Farewell Black Desk

So it’s farewell to my faithful black desk, too old and rickety and too darned heavy to be moved again. I bought it from a pre-IKEA furniture store on the outskirts of York in 1989 and since then it has taken up station in at least half a dozen different studies of mine. Flat-pack, self-assembly chipboard, its veneer is peeling and its structural integrity relies largely on screw blocks and willpower.

As for the drawer unit, the drawers have been reluctant for a decade; piled too high with more pens and paper than they can cope with, stained by ink and tippex and blobs of blu-tac. Together with the desk it is bound for Bulk Refuse Heaven.

This was the desk where I wrote Shadow in the Corn, half of Byron’s Shadow (long story!), Shadesmoor, Lady in the Lake, Blood & Sandals, Islands that Never Were and Glint of Light on Broken Glass.
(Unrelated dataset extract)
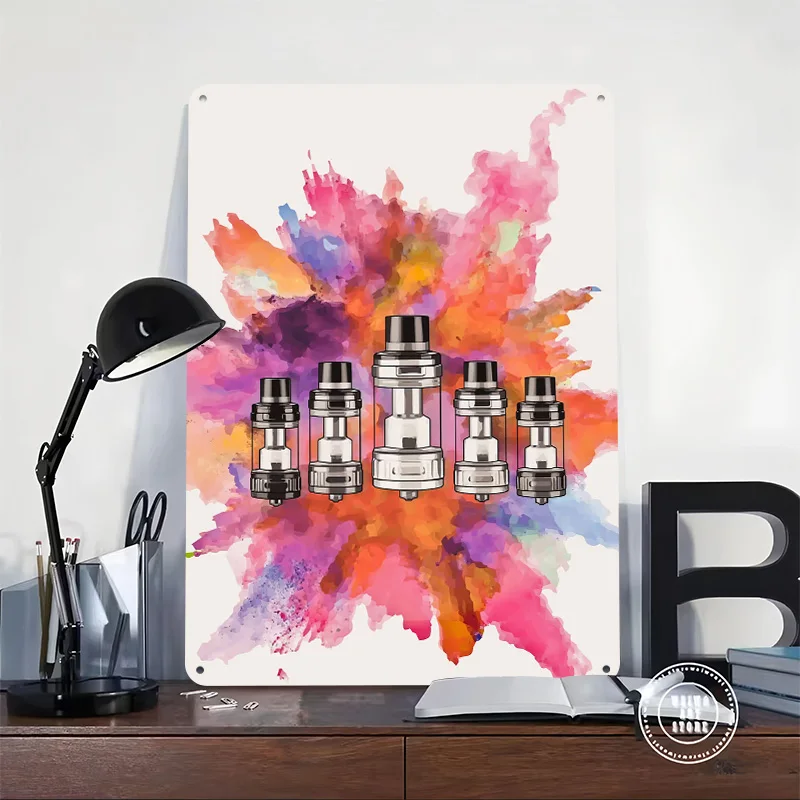 Vape Tanks Coloursplash Tinplate Posters Customizable Wall Art Retro Vintage Metal Signs for Home Room Mancave Decoration Garage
Four dormant novels were also tapped out on is face, together with A Gallo-Roman Shipwreck from Guernsey,  Roman Pottery From York, A Shypp Cast Away About Alderney and a couple of dozen academic papers and the same number of short stories.

A pine desk that did service as one of my children’s homework desks has been commandeered as the place where the next two books will be completed. Smaller, it should be more maneuverable up the steps of the next garret and maybe the one after that.

The Black Desk is dead – long live the Pine Desk!